- Try it -
Reproduce exactly the lines below from the one containing "Vaikiškas Malick Mbaye" through the one containing "Kooe MN.Vikings #55", including both, and nothing else.

- Given data -
________

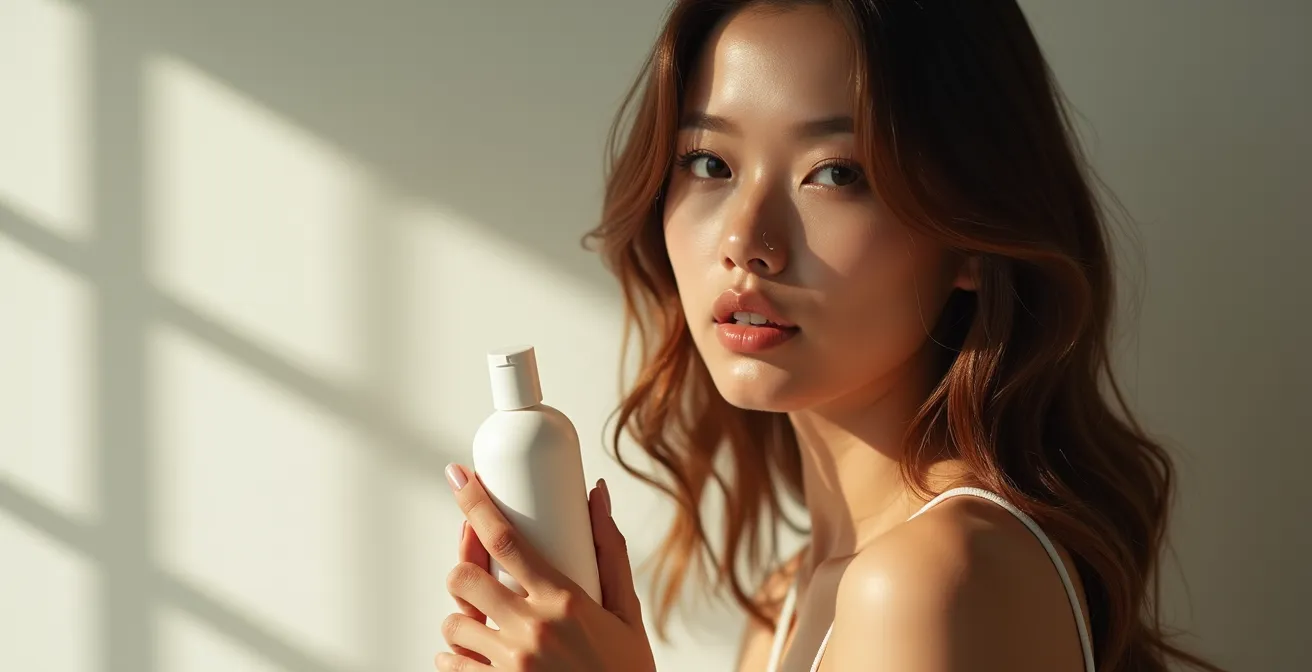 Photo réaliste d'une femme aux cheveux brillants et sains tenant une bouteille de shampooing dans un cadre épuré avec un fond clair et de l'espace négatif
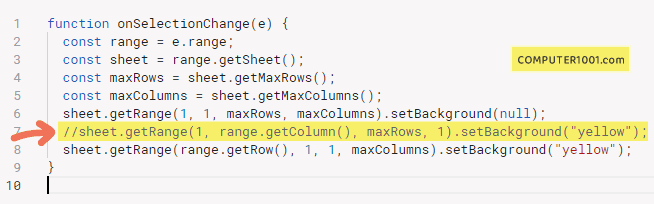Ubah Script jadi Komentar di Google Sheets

________

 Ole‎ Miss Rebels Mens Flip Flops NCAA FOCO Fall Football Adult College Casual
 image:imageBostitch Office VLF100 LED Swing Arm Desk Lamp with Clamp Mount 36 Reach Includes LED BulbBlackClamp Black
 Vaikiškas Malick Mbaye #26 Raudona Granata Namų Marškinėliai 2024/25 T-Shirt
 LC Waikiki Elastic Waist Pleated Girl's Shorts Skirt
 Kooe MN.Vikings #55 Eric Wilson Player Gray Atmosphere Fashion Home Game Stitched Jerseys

________

- Response box -
 Vaikiškas Malick Mbaye #26 Raudona Granata Namų Marškinėliai 2024/25 T-Shirt
 LC Waikiki Elastic Waist Pleated Girl's Shorts Skirt
 Kooe MN.Vikings #55 Eric Wilson Player Gray Atmosphere Fashion Home Game Stitched Jerseys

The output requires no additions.